- Opening Delimiter -

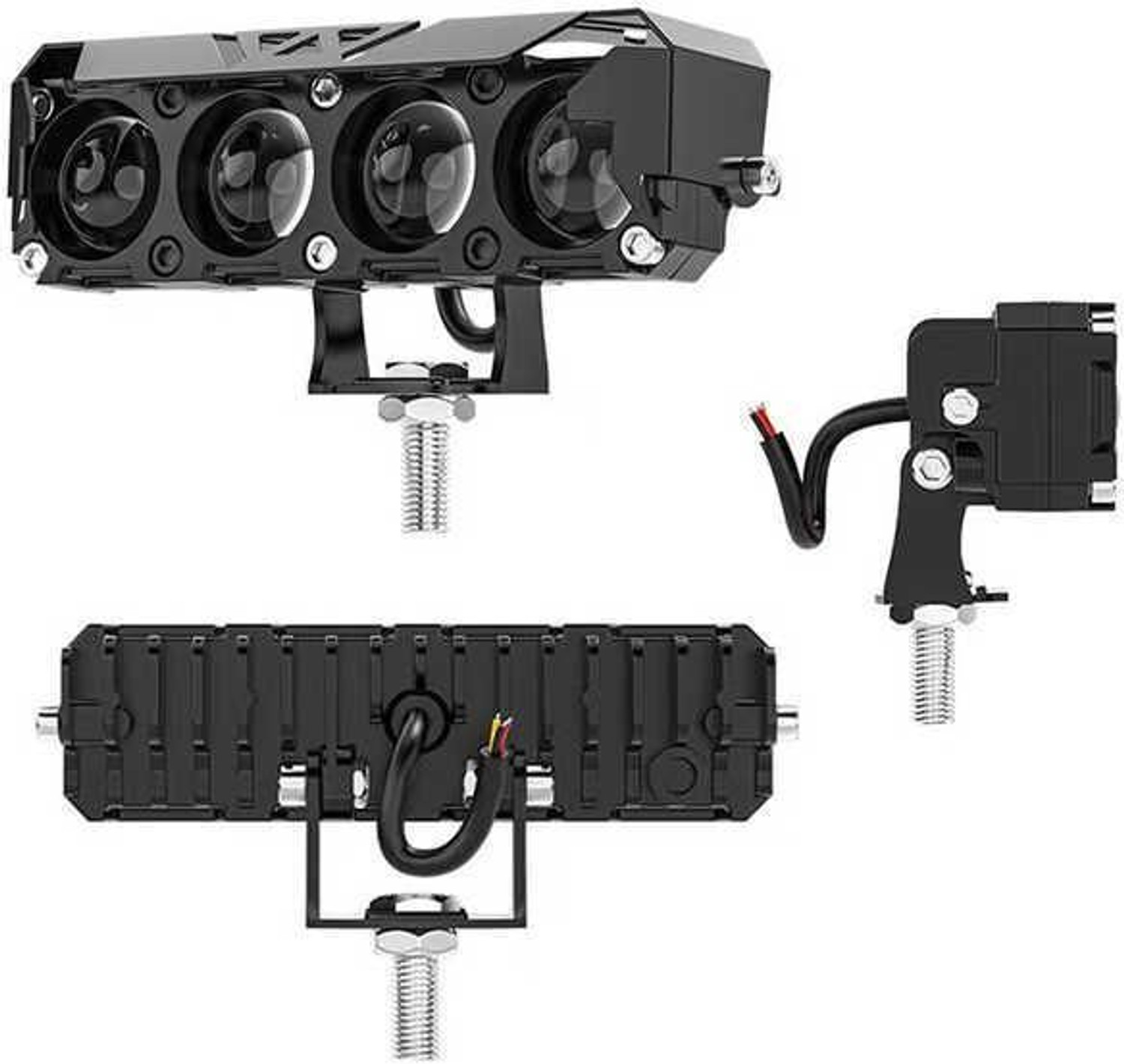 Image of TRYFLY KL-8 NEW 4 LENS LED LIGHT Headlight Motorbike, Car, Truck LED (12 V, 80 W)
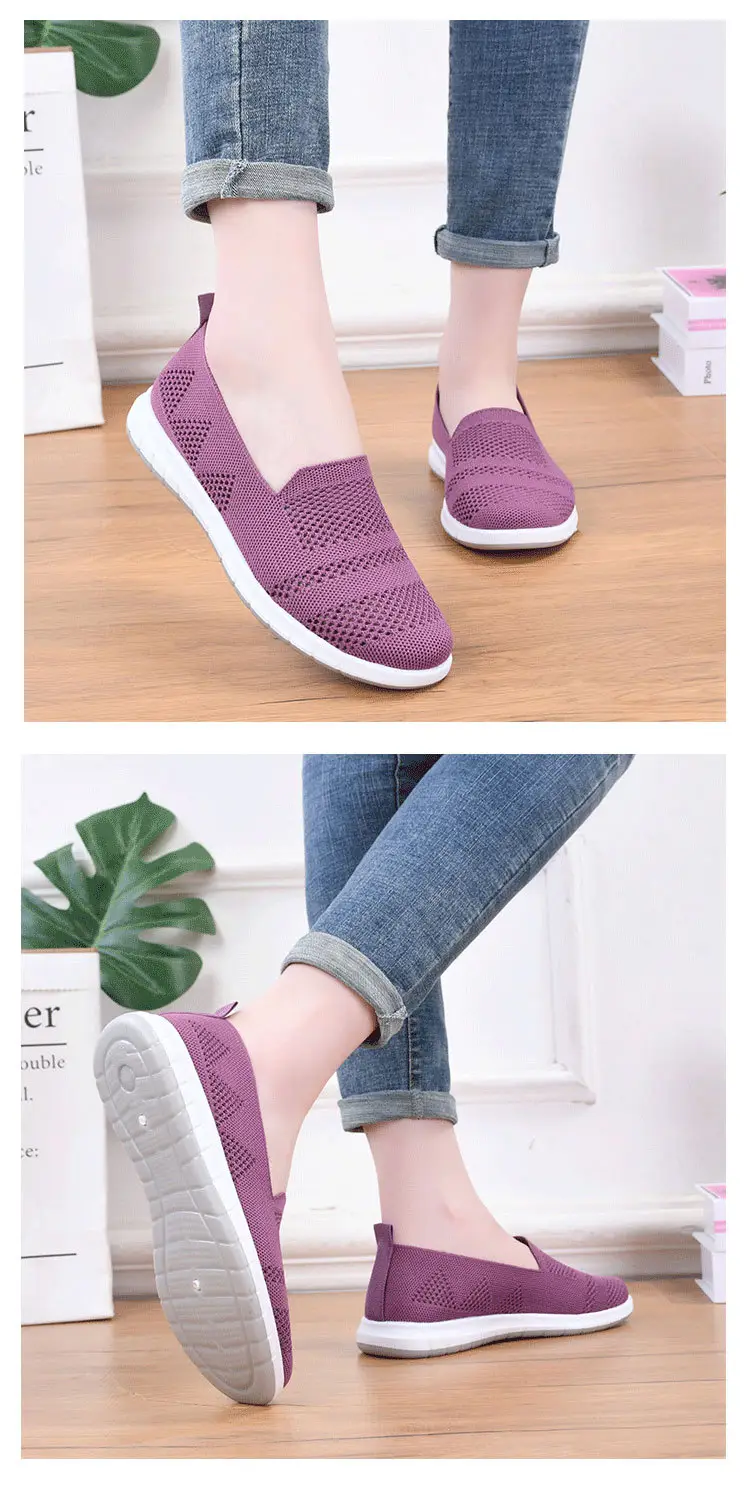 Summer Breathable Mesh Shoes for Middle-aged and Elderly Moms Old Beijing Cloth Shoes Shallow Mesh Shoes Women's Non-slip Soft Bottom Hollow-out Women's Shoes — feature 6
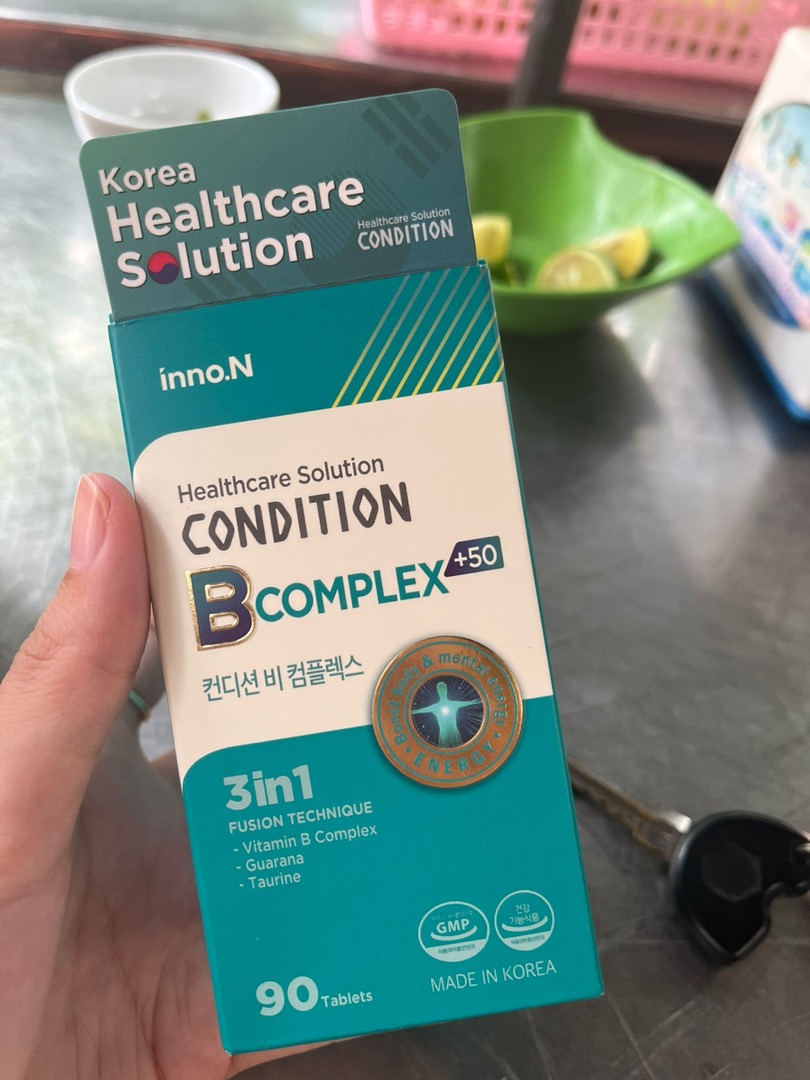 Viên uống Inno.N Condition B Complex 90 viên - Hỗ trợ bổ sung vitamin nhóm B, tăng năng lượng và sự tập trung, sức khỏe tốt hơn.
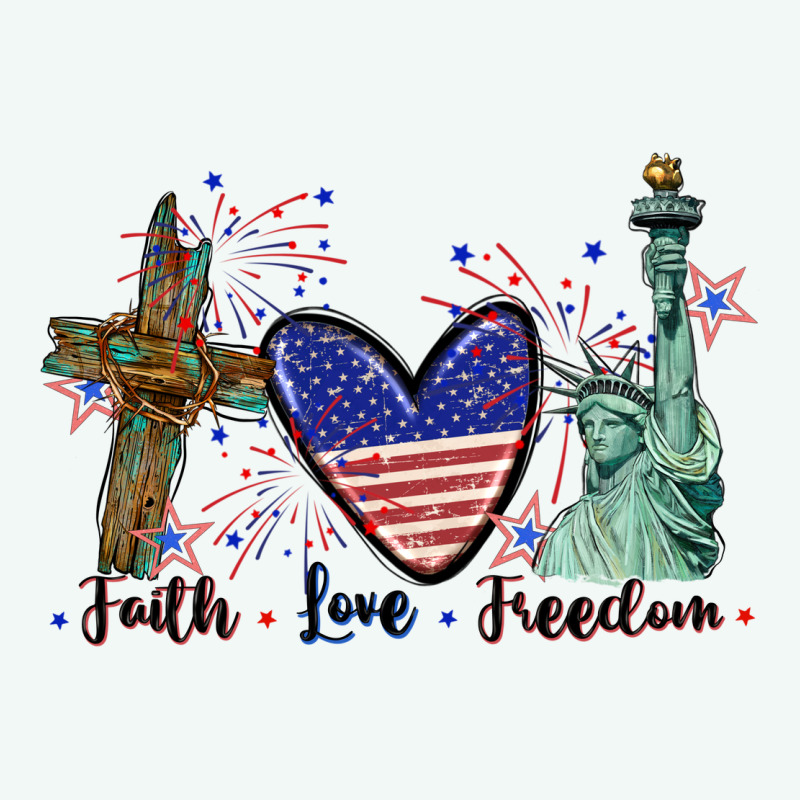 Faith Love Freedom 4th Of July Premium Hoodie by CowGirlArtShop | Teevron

- Closing Delimiter -

### WORK INSTRUCTIONS
Write down exactly what the lines above say, from the line holding "Summer Breathable Mesh" through the line holding "Viên uống Inno.N", and nothing more. Do not copy the pictures.

### SOLUTION TO THIS TASK
 Summer Breathable Mesh Shoes for Middle-aged and Elderly Moms Old Beijing Cloth Shoes Shallow Mesh Shoes Women's Non-slip Soft Bottom Hollow-out Women's Shoes — feature 6
 Viên uống Inno.N Condition B Complex 90 viên - Hỗ trợ bổ sung vitamin nhóm B, tăng năng lượng và sự tập trung, sức khỏe tốt hơn.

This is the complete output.